How Historically Accurate Is The Movie Apollo 13?

Hollywood loves depicting actual historical events. Audiences love seeing those events being shown on the screen. But the people who make these films also make changes to ratchet up the drama so that they can keep movie-watchers captivated throughout the film.

That might mean making people up out of whole cloth, like in "Titanic," with Jack and Rose both being two fictional people that rode on the very real doomed cruise ship that resides at the bottom of the ocean, according to The Travel. The romantic duo were inserted to give an idea of what it was like to be on the ship that met its unfortunate end. Let's not forget about "Pocahontas," "Amistad," and "JFK," which also deviated from reality, per Reader's Digest.

"Apollo 13" features one of the most dramatic and recognizable quotes in movies history. The question is — is it accurate? Also, does the movie portray the events faithfully?
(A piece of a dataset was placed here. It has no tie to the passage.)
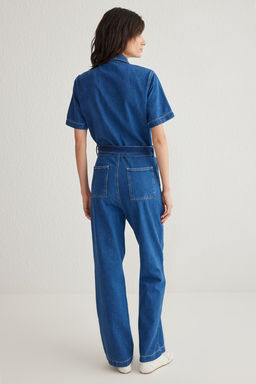 TRENDYOLMILLA Mavi Cep Detayl? Kemerli K?sa Kollu Denim Tulum TWOSS25TU00003  фото 5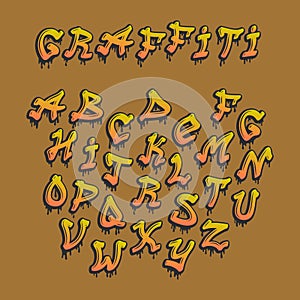Graffity alphabet vector hand drawn grunge font paint symbol design ink style texture typeset photo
The answer is: Mostly.

Jim Lovell's famous quote is mostly true

People remember seeing the iconic movie poster with a single phrase at the top: "Houston ... we have a problem." This was a key phrase that was supposedly uttered by the crew leader, astronaut James "Jim" Lovell, at a critical juncture in the film. Tom Hanks played Lovell, and he said the line to convey the dire nature of the astronauts' situation. While Lovell did say something like that, records show that it was more of a free-flowing conversation between the astronauts and ground control. Director Ron Howard just wanted to up the intensity to grab the audience's attention, per Medium

There were other dramatic elements added too, like tension between the astronauts that did not actually happen. The last thing you want in space, with a lot of delicate instruments around you, is to get into a fight. That would be an easy way to give yourself an infinite trip through the stars. Also, the commander on Earth did not lose his temper in real life as depicted in the movie. 

Besides aiming to not have their space module turn into their floating coffin, the astronauts had to worry about staying alive during re-entry. If they approached at the wrong angle, it would be all over for them. Fortunately, things worked out perfectly, and they returned to Earth safely. The movie is seen as largely depicting all of this correctly — so you can watch it and know that you are seeing most of the truth.